Yesterday someone marked the above picture as a favorite. Not a big deal, people like and favorite my pictures all the time. Except. Except this isn’t the sort of picture I’d expect to be liked. It’s dark, somber. Moody even.

It made me stop and think. I pulled up the picture, which I took in June 2011, to re-examine it. That was when I realized that somehow over the past couple of years I’ve lost my photo-mojo. I missed the memo.

I’ve slipped into a trance of formulaic non-challenging picture taking. The darks and lights are gone at the expense of a plain average picture. I’ve become a mediocre photojournalist at best.

The joke is most definitely on me.

A couple of years ago I thought I might have a go at taking pictures for money. I did the research, I checked what the local photographers were doing. Generally, there was nothing particularly outstanding. Then I realized what the buying public actually wanted. It was truly awful (in my opinion). Twee pictures that are either faded to look like a seventies print, or colorized, or over processed to make the people in them look plastic or just as bad, photographs taken at jaunty angles – I suspect to cover the photographers’ inability to take a straight, decently framed picture. It was all far too artificial.

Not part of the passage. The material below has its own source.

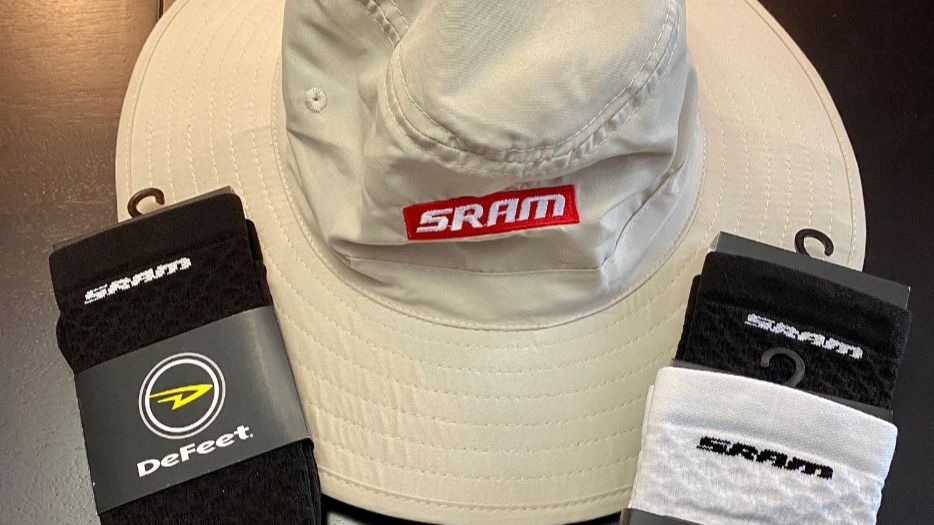 wearyellowne's tweet photo. If You're Registered, You're Entered for the Raffle at the 3rd Annual East West Groveler Gravel Race! - https://t.co/LHdXi9EwfY #SRAM #ROCKSHOX #wearyellow #cycleworks #trek #Groveler #gravelracing https://t.co/sr2Hy2tAaa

America is BIG on artifice. You only have to look at how the buildings are fronted with a frosting of false towers, embellishments, and facings. All to hide the plain wooden or metal stud construction building that lurks behind. People actually seem to be impressed by this particular brand of emperor’s clothes.

Anyway, I couldn’t do it. No-way José. So I quietly shelved that plan, I wasn’t selling my photographic soul to the Devil of Artifice. I wanted to go my own way. So what happened? What I saw today is that I’ve slowly slipped into the safe ground of the dull and boring. I don’t take a lot of time over my pictures anymore – they’re typically set pieces, that I’d call snapshots, not even inspired snapshots. I do what I have to do to illustrate our blogs and meet the needs of the occasional commercial small product shoots I do. Don’t get me wrong, there’s nothing overtly wrong with the pictures I’ve been taking. The quality is good, but the inspiration and artistry are absent.

Now the memo has finally arrived. So, do I want to just carry on taking the pictures I am? Or should I embark on an adventure to rediscover that ol’ photo-mojo?